Instructions for the task: Beginning at the top of the entries below, retype each line exactly until the line containing "Half Moon Chain" has been written out; include no pictures and no later lines.

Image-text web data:
• • • • • • •
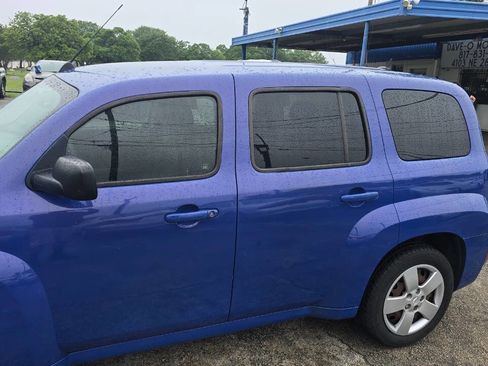 Used 2008 Chevrolet HHR LS image 2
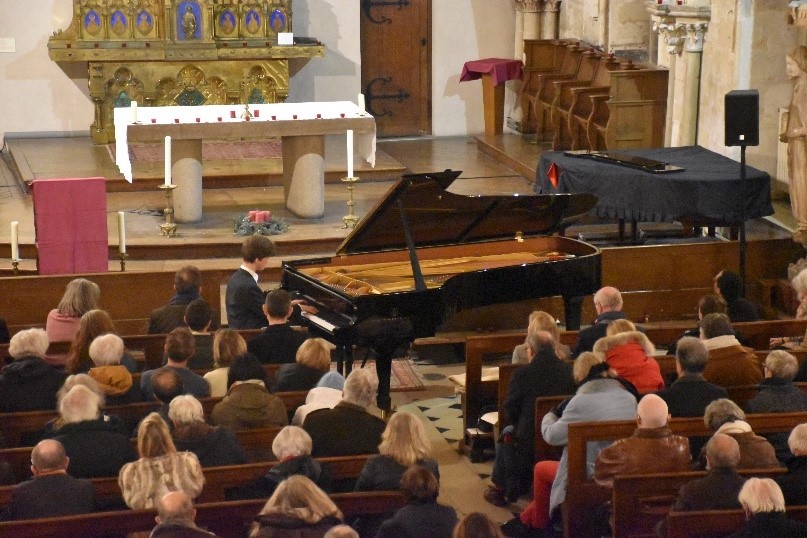 Photo d’Étienne Rall au piano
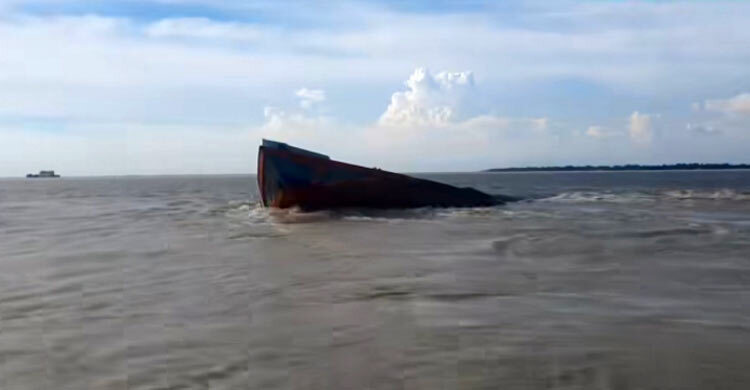 পদ্মায় বালুবাহী বাল্কহেড ডুবি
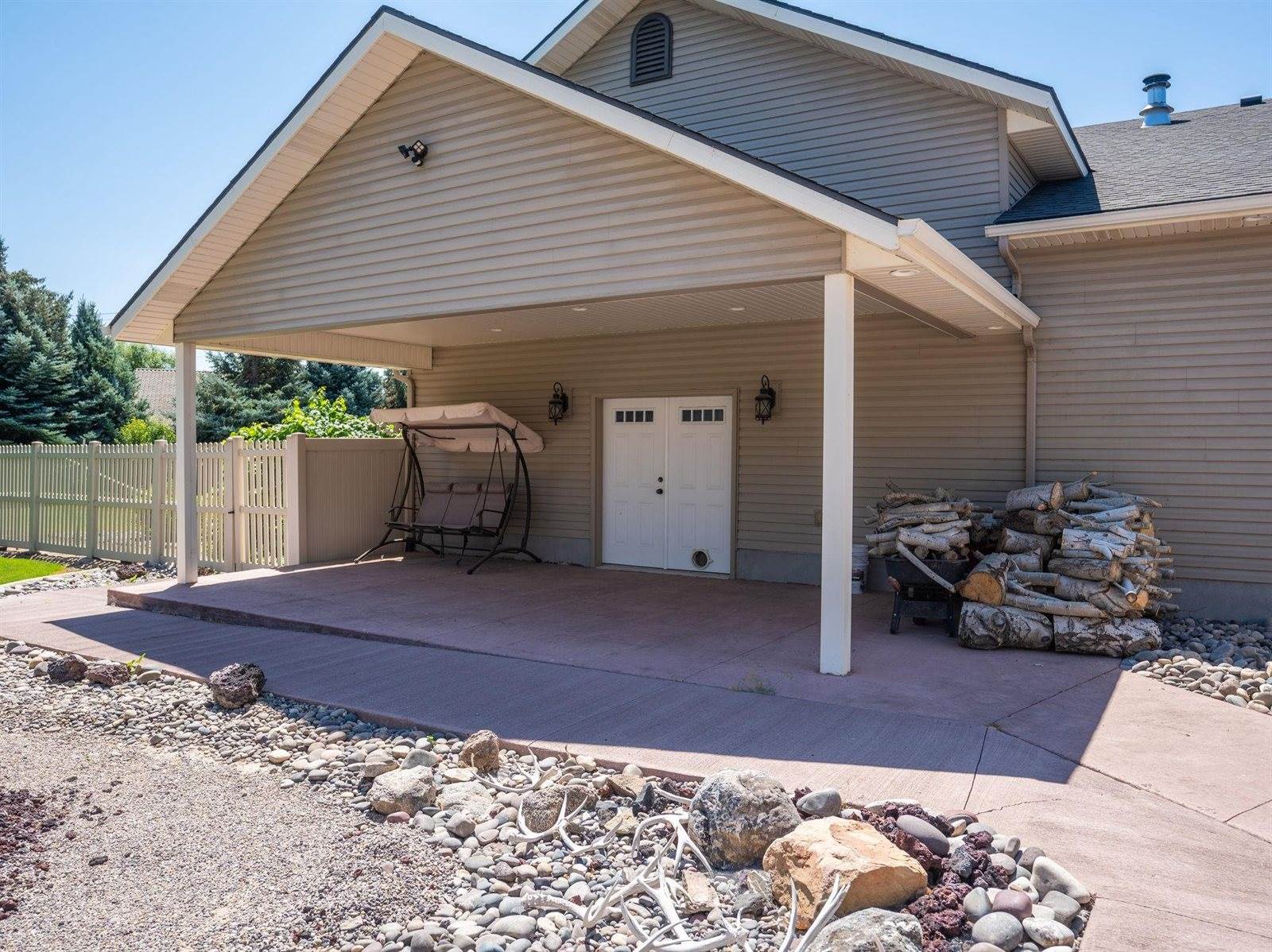 183 W 265 N, Blackfoot, ID 83221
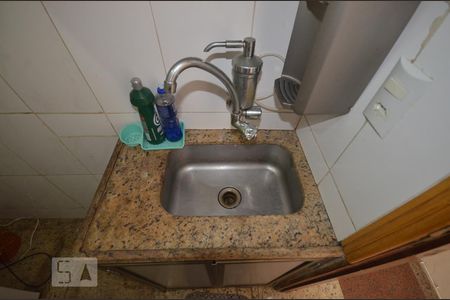 Cozinha de kitnet/studio para alugar com 1 quarto, 24m² em Botafogo, Rio de Janeiro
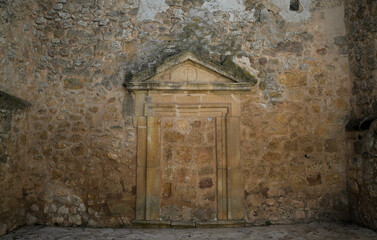 Fototapeta na wymiar old door in a wall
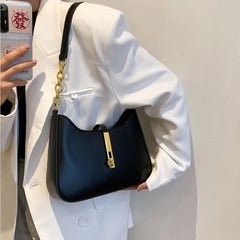 Half Moon Chain Shoulder Bags For Women Winter Solid Bucket Ladies Handbags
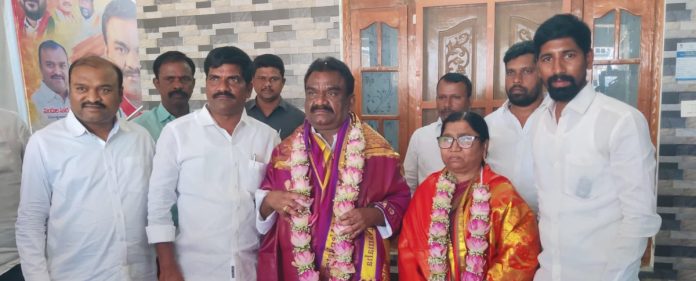 ఆదర్శ దంపతులకు( సామేలు-యాదమ్మ) శుభాకాంక్షలు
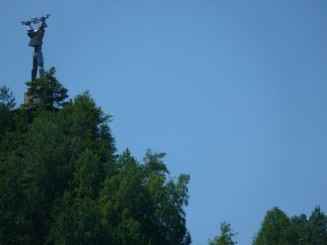 Statuia de deasupra barajului Vidraru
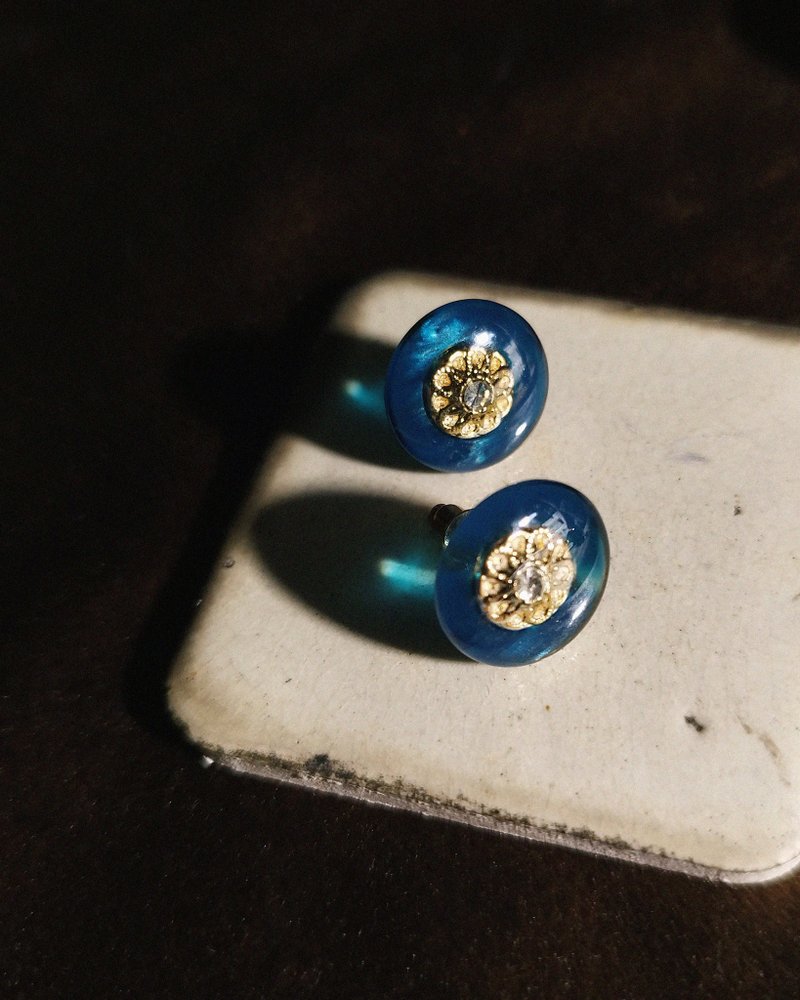 古典耳環 / 深邃藍 - Vintage【限量】 - 耳環/耳夾 - 塑膠 紫色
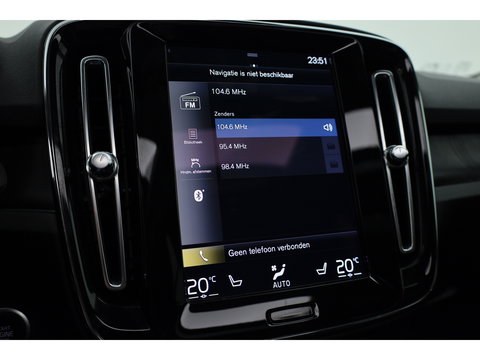 Volvo XC40 1.5 T4 Plug-in hybrid Plus Dark | Pano | Apple CarPlay | Stoel-Stuurverw. | Harman Kardon | Leder | Trekhaak |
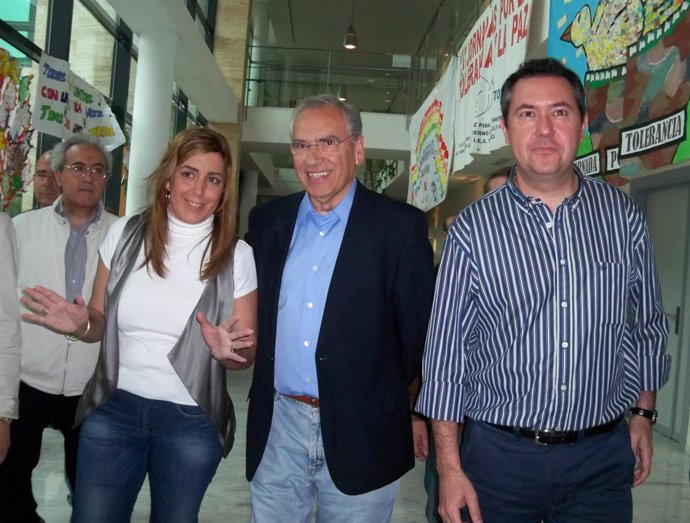 Susana Díaz junto a Alfonso Guerra y Juan Espadas hoy en Sevilla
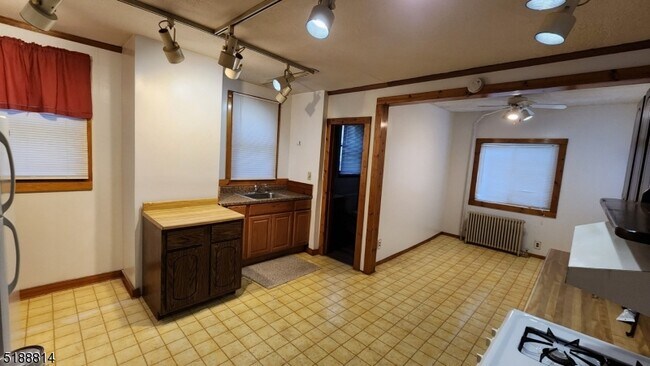 Photo - 15 Fairview Pl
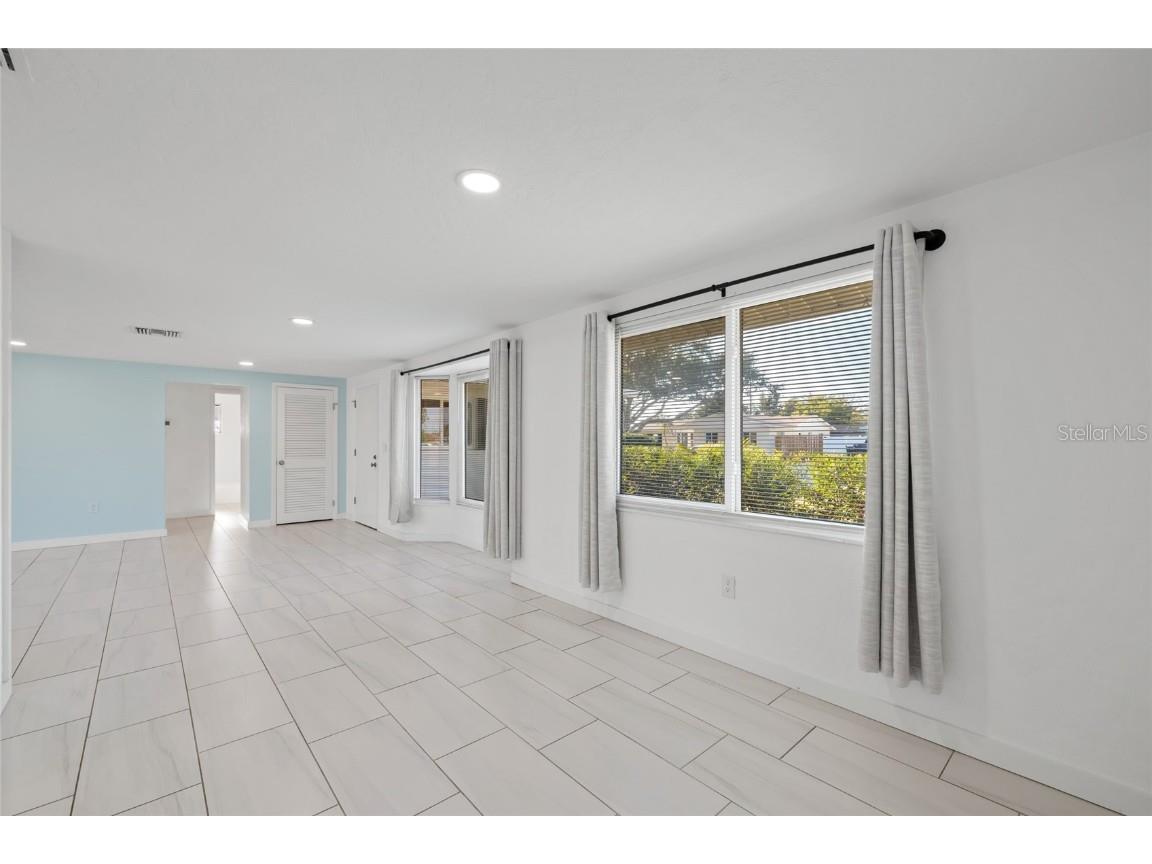 2430 Post Road Sarasota FL 34231 A4672621 image9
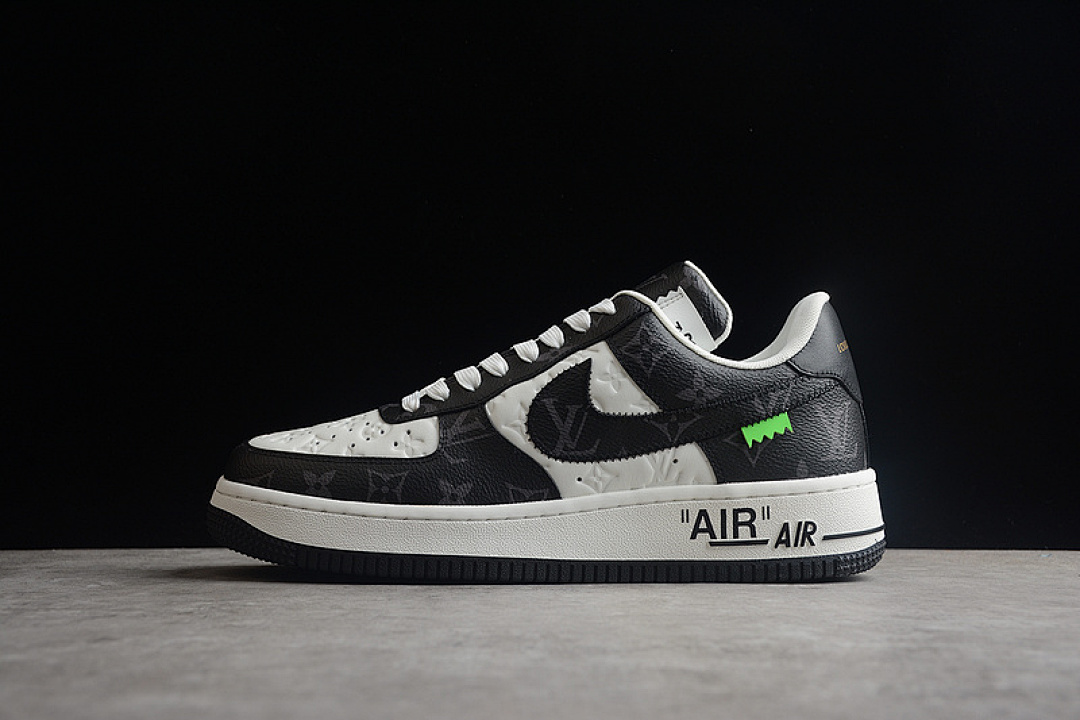 Nike Nike [L*V X AIR FORCE 1 LOW 07 WHITE/WHITE/BLACK]-[MAN:38-45], photo 1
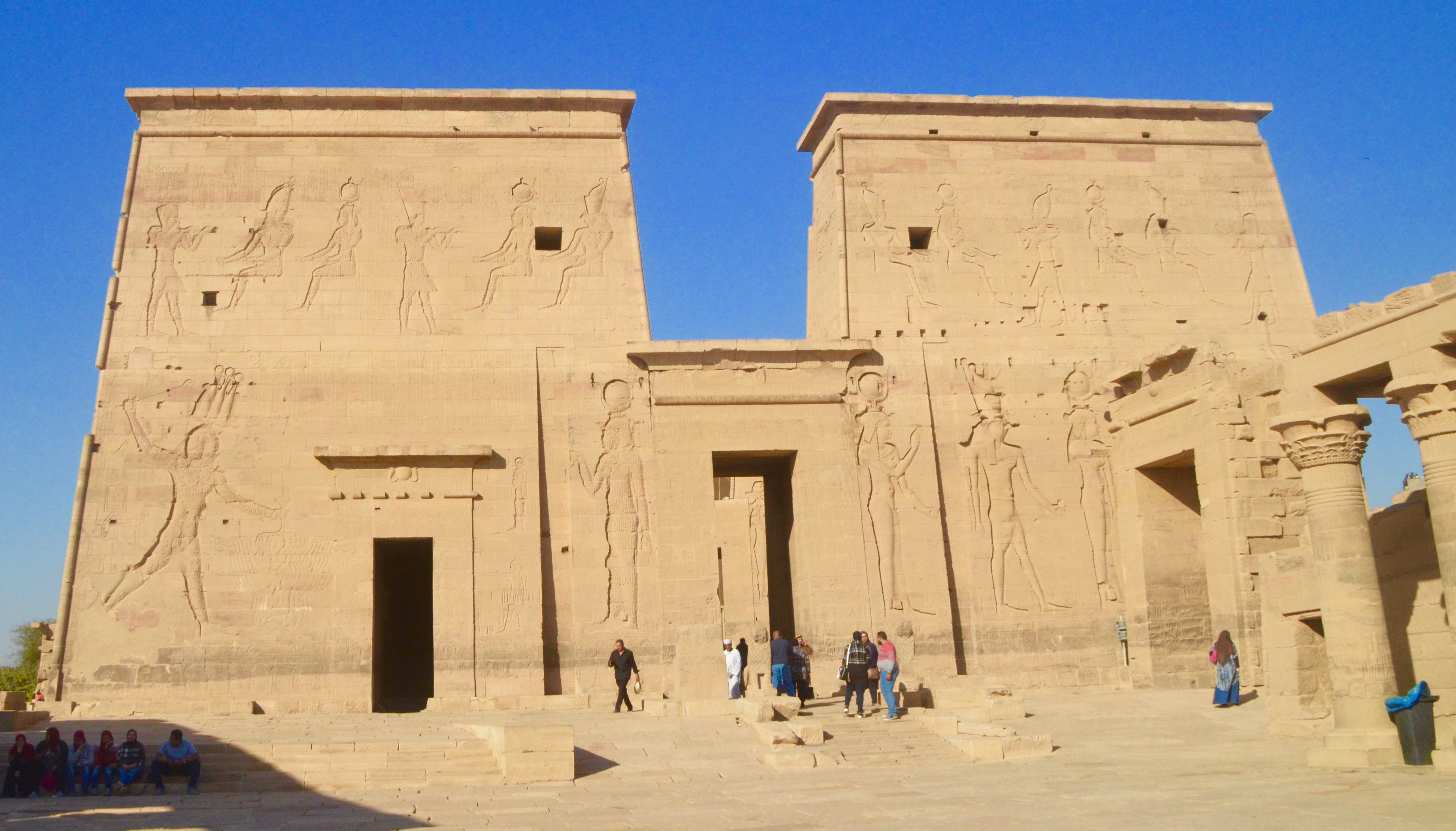 https://mdw-travel-data-us-east-1.s3.amazonaws.com/img/country/Egypt/Philae-Temple/img_02.jpg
• • • • • • •
Task result:
 Used 2008 Chevrolet HHR LS image 2
 Photo d’Étienne Rall au piano
 পদ্মায় বালুবাহী বাল্কহেড ডুবি
 183 W 265 N, Blackfoot, ID 83221
 Cozinha de kitnet/studio para alugar com 1 quarto, 24m² em Botafogo, Rio de Janeiro
 Fototapeta na wymiar old door in a wall
 Half Moon Chain Shoulder Bags For Women Winter Solid Bucket Ladies Handbags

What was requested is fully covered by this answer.